Ritu Maheshwari v. Ramesh Chandra Nagar

Supreme Court of India · 29 Jul 2025
B. R. Gavai; K. Vinod Chandran
CIVIL APPEAL NO.___________ OF 2025
2025 INSC 940
administrative appeal_allowed Significant

AI Summary

The Supreme Court held that reasoned rejection of regularization claims by NOIDA complied with High Court directions and quashed the interim contempt order against the CEO.

Full Text
Translation output
2025 INSC 940
IN THE SUPREME COURT OF INDIA
CIVIL APPELLATE JURISDICTION
CIVIL APPEAL NO.___________ OF 2025
(Arising out of SLP(C) No. 16848 of 2021)
RITU MAHESHWARI, CHIEF EXECUTIVE OFFICER …APPELLANT
VERSUS
RAMESH CHANDRA NAGAR
AND OTHERS …RESPONDENTS
JUDGMENT
B.R. GAVAI, CJI

1. Leave granted.

2. The present appeal challenges the interim order dated 06.10.2021 passed by the learned Single Judge of the High Court of Judicature at Allahabad in Contempt Application (C) No. 4876 of 2020.

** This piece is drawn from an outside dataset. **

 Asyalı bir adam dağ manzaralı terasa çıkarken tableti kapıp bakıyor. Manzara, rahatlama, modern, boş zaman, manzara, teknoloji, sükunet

3. The present appeal has a chequered history.

4. Numerous petitions have been filed by the respondents who are drivers engaged by New Okhla Industrial Development Authority (NOIDA) seeking regularization of their services. However, we do not find it necessary to delve into the earlier proceedings, inasmuch as the reference to the order dated 04.02.2020 passed by the learned Single Judge of the High Court in Writ A. No. 9743 of 2019 and the subsequent orders passed by the NOIDA and the High Court, would suffice for the purpose.

5. In pursuance to the earlier representations made by the respondents, the Chairman and Chief Executive Officer (CEO) of the NOIDA rejected their claims for regularization of services vide an order dated 08.11.2017.

6. Being aggrieved by the same, the respondents filed a writ petition for quashing of the aforesaid order and further praying for regularization of their services.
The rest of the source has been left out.